Let us study another now almost extinct community, they being the Jews. Lahore had a Jewish population in 1921 of 56 persons. Karachi has a higher number, even though Gen. Ziaul Haq got their only temple knocked down. Their only graveyard still stands. But then let me share some very interesting statistics. In the 2013 elections 809 adult Jews were enrolled as voters. Amazingly, against 427 women, only 383 men were on the rolls. What is even more interesting is that in the 2017 voters list, their number has risen to 900 voters. As these are official figures there is little to doubt them. But as opposed to communal extremists, my view is that this is a good sign as opposed to the fate of our Parsis.

The point is where do they live in Lahore? The last Jewish family that we knew lived on Queen’s Road, but then they sold out 10 years ago and moved to their ‘Promised Land’. As a journalist who walks the lanes of the old walled city, I do know of two families who allegedly are Jews, but then they are very poor and keep to themselves and celebrate every local festival with gusto … and why not. There was a time in the 1930s when Lahore’s money lenders, as well as some ‘businessmen’ in Taxali Chowk, were Jews.

In Calcutta, the picture is very different. In 1947, this Indian city had a Jewish community of over 6,000 as the famous writer Shalva Weil’s book tells us. Today that number has shrunk to a shocking 20 Jews only. Again they are all older people. Also the five once-thriving synagogues have been reduced to only two, which sadly are maintained by ‘foreign’ Jewish organisations. The Calcutta Jews were known as Baghdadi Jews, as were those of Karachi. In 1947 as the Partition riots erupted in Calcutta with Israel also being created, shiploads of Jews left this port city for their new ‘motherland’.

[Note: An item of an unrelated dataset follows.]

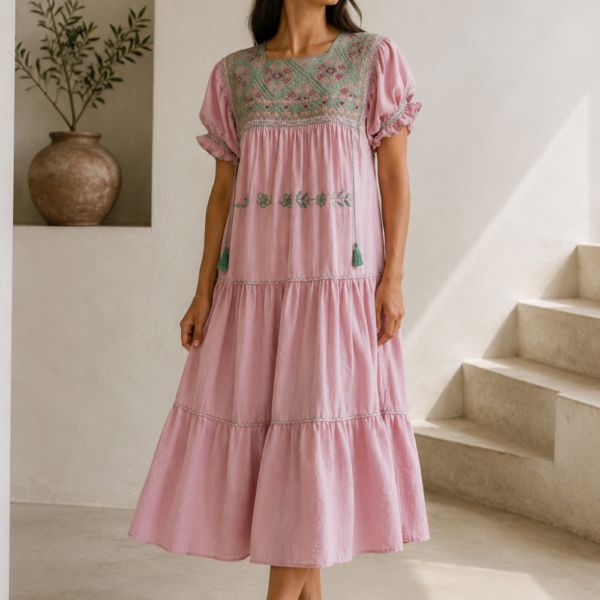 Vestido Rosa Lino Manga globo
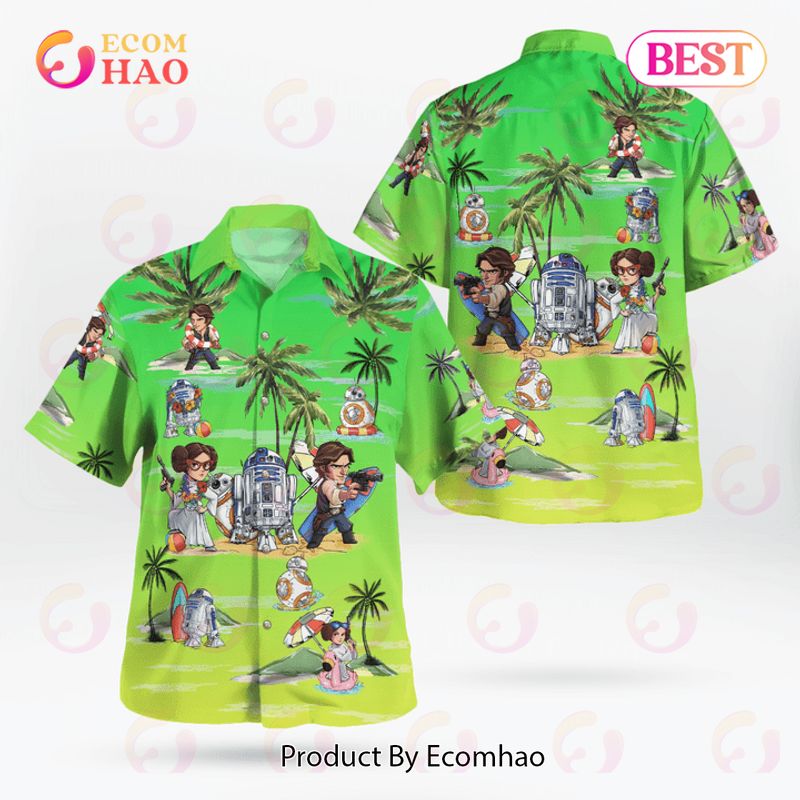 Leia Solo Bb8 R2D2 Summer Time Hawaiian Shirt Sunset Green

Lastly, let me dwell on the Chinese populations of Lahore and Calcutta. In our school days the Chinese population, which had originally come to the sub-continent at the height of the Opium Wars in China, worked either in leather tanneries, in restaurants or in laundries. If you read Rudyard Kipling’s story titled ‘The Gate of the Hundred Sorrows’, we see that in Lahore they ran opium dens inside the walled city. And though by the late 1960s their numbers had shrunk to a mere 36 persons, their Chinese food outlets started to become the rage. Initially they opened up shoe shops, but even these cobblers opted to open up restaurants. Today their food is the rage.

Of recent a lot of Chinese investors from the now prosperous mainland have come to exploit local business opportunities, but they leave after having done ‘milked their profits’. For them China is where the action is. But for the Chinese of Lahore this is their city. Some even tried to return to China, but returned rather disillusioned. Their children now seem more interested in going to the West.

The Chinese in Calcutta are a different story. The port of Calcutta is the nearest to China, so the first Chinese arrived there in the 1780s, and they did well. Their numbers increased as more and more came, running from an impoverished China. But the Indo-Chinese war saw many turn towards the West. But like in Lahore their food and the leather trade interested them more, and they have done well by any account.

So we see minority groups tend to shrink in ‘relatively’ intolerant societies, invariably tending to move towards where they are together in sufficiently ‘safe’ numbers. The younger off-springs, being more educated, tend to fly to where the best economic opportunities exist in more ‘tolerant’ environments.

The old, no matter whether minority or majority populations, tend to stick to their ‘birth roots’. No wonder Lahore’s DHA has so many older parents living alone as their children, having flown abroad, do not intend to return, except for the annual pilgrimage to enjoy the food and meet relatives and old friends. Humans never cease to amaze with their predictable behaviour patterns.